The first step is crucial: thoroughly understanding the DBQ prompt. This involves identifying the specific time period, the category of analysis (e.g., social, political, economic), and the historical thinking skill required (e.g., causation, continuity and change). Misinterpreting these elements can lead to an irrelevant and low-scoring essay, even if well-written.
The second step focuses on efficiently analyzing the seven provided documents. Crucially, always start by reading the citation, as it often provides critical context (who, when, and potential bias) that aids in interpretation. After reading, summarize each document's main idea in your own words and then group documents by common themes (e.g., economic, social, positive/negative impact). This grouping helps in formulating a thesis and structuring your essay, avoiding a document-by-document summary approach.

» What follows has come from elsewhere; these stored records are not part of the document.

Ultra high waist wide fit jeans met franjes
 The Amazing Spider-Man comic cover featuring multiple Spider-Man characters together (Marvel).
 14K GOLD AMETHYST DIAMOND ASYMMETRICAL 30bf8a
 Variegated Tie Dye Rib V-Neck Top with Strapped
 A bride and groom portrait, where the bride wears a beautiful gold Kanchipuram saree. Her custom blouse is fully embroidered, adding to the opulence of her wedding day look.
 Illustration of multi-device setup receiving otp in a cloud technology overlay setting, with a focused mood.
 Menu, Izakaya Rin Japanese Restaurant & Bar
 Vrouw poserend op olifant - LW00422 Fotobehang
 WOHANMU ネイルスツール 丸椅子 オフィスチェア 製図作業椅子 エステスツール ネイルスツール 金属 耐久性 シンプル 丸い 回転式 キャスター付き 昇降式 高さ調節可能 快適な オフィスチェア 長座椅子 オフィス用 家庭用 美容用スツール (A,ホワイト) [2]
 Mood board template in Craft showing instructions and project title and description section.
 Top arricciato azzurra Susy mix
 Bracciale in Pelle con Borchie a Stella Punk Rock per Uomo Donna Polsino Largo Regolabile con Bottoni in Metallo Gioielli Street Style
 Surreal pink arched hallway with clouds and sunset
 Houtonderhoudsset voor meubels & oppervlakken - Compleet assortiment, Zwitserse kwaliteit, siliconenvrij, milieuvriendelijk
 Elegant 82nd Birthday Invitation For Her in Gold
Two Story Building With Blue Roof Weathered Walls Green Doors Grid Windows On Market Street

The third step details how to write the essay, specifically addressing each point of the rubric. This includes crafting a historically defensible thesis with a clear line of reasoning, providing contextualization (relevant historical events before the prompt's period), using documents to support your argument (describing three for one point, supporting with at least four for two points), and incorporating evidence beyond the documents (one point). The final section covers analysis and reasoning, which includes sourcing at least two documents (explaining historical situation, audience, purpose, or point of view for one point) and demonstrating complexity (using all seven documents to support the thesis or sourcing four documents for one point).